Met zijne helling heeft iets bijzonders plaats, dat ik met de uiterste zorg heb waargenomen."
"En dat is?"
"Dat de naald, in plaats van naar de pool te hellen, zooals zij op het noordelijk halfrond doet, integendeel rijst."
"Daaruit moeten wij dus opmaken, dat het punt van magnetische aantrekking ligt tusschen de oppervlakte van den aardbol en de plaats waar wij ons thans bevinden?"
"Juist! en het is waarschijnlijk, dat, als wij onder de poolstreken kwamen, waar James Ross de magnetische pool ontdekt heeft, wij zien zouden, dat de naald loodrecht gaat staan. Derhalve ligt dat geheimzinnige middelpunt van aantrekking niet zeer diep."
"Dat is inderdaad een feit, dat de wetenschap niet vermoed heeft."
"De wetenschap, mijn jongen! is samengesteld uit dwalingen, maar uit zulke, die het goed is te begaan, want zij voeren langzamerhand tot de waarheid."

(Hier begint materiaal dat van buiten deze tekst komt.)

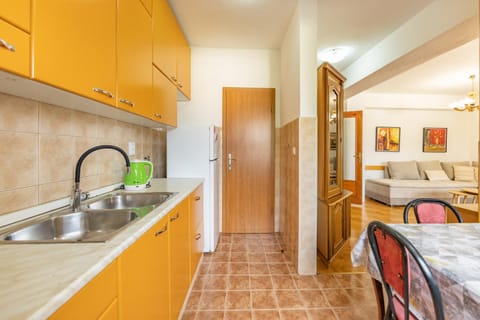 Kitchen or kitchenette, kitchen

"En op welke diepte zijn wij?"
"Op eene diepte van vijf en dertig uur gaans."
"Dan is," zeide ik de kaart naziende, "het Schotsche Hoogland boven ons, en daar verheft het Grampian-gebergte zijne met sneeuw bedekte kruin tot eene aanzienlijke hoogte."
"Ja!" antwoordde de professor lachende, "de vracht is wel wat zwaar, maar het gewelf is stevig; de groote bouwmeester van het heelal heeft het van goede bouwstoffen gemaakt, en nooit zou de mensch er zulk eene draagkracht aan hebben kunnen geven! Wat zijn de bogen der bruggen en de spitsbogen der hoofdkerken vergeleken met dit schip van een straal van drie uur gaans, waaronder een oceaan en stormen zich op hun gemak kunnen ontwikkelen?"
"O! ik vrees niet, dat de hemel zal instorten. Oom, wat zijn nu uwe plannen? Denkt gij er niet aan om naar de oppervlakte van den aardbol terug te keeren?"
"Terugkeeren! Nu nog mooier! Onze reis voortzetten, ja! daar tot nu toe alles zoo goed gaat."
"Maar ik zie niet in, hoe wij door deze vloeibare massa heen moeten komen."
"Ik ben niet van plan om er mij met het hoofd naar beneden in te storten. Maar als de oceanen eigenlijk gezegd slechts meren zijn, daar het land hen omringt, dan is het zeker dat deze binnenzee ingesloten is door het vaste graniet."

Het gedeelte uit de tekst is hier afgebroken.